▶ **The task**
Could you transcribe every record below exactly as written, leaving out any pictures?

"""

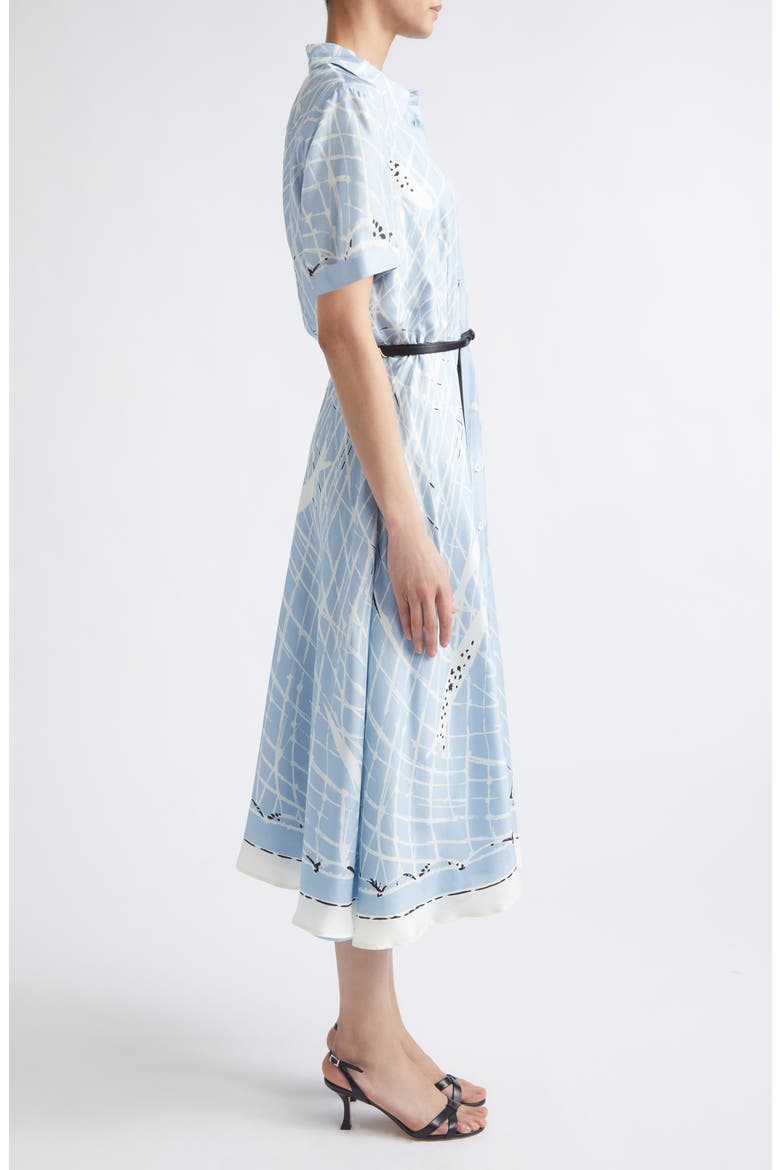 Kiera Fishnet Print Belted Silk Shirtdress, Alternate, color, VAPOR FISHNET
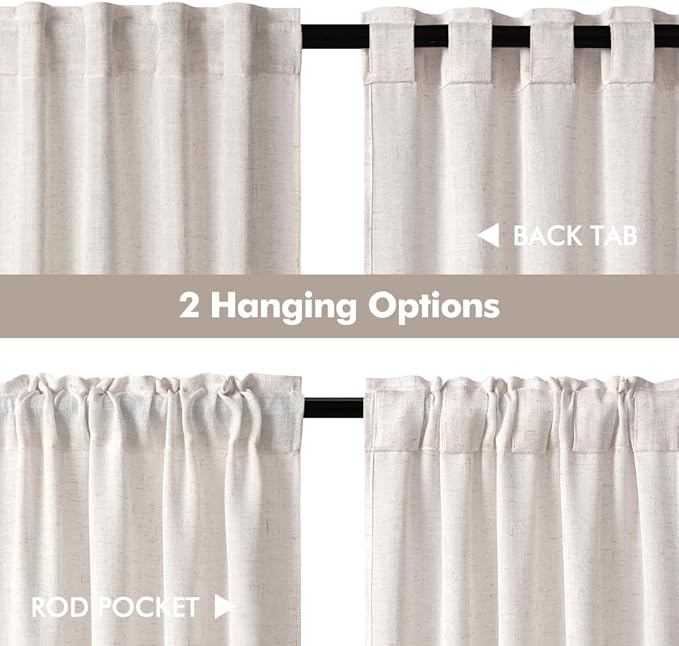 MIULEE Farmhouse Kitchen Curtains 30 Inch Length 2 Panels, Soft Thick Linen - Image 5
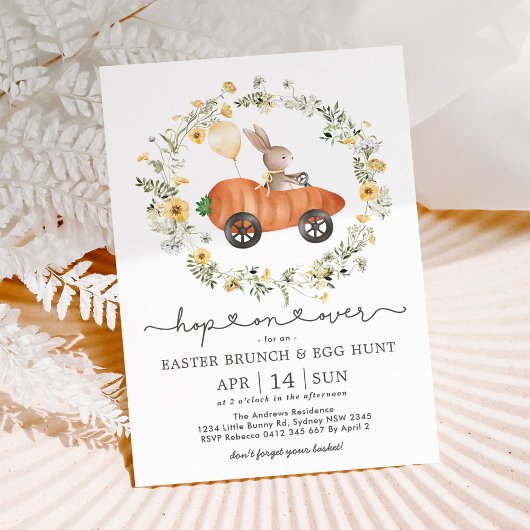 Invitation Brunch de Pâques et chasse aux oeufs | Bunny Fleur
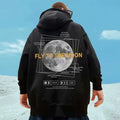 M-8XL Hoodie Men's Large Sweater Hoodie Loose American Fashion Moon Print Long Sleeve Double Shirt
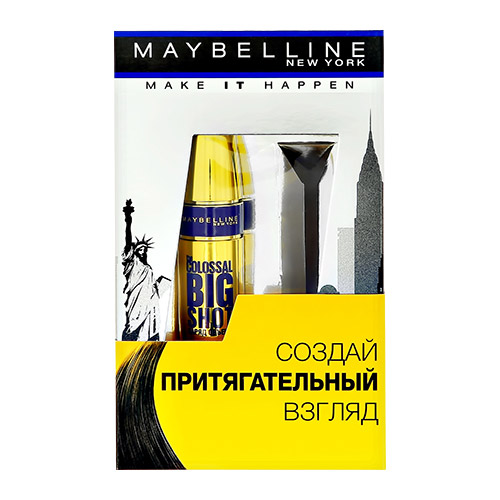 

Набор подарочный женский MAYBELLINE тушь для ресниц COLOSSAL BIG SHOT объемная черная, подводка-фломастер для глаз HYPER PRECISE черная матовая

"""

▶ **Reply to the task**
 Kiera Fishnet Print Belted Silk Shirtdress, Alternate, color, VAPOR FISHNET
 MIULEE Farmhouse Kitchen Curtains 30 Inch Length 2 Panels, Soft Thick Linen - Image 5
 Invitation Brunch de Pâques et chasse aux oeufs | Bunny Fleur
 M-8XL Hoodie Men's Large Sweater Hoodie Loose American Fashion Moon Print Long Sleeve Double Shirt

Набор подарочный женский MAYBELLINE тушь для ресниц COLOSSAL BIG SHOT объемная черная, подводка-фломастер для глаз HYPER PRECISE черная матовая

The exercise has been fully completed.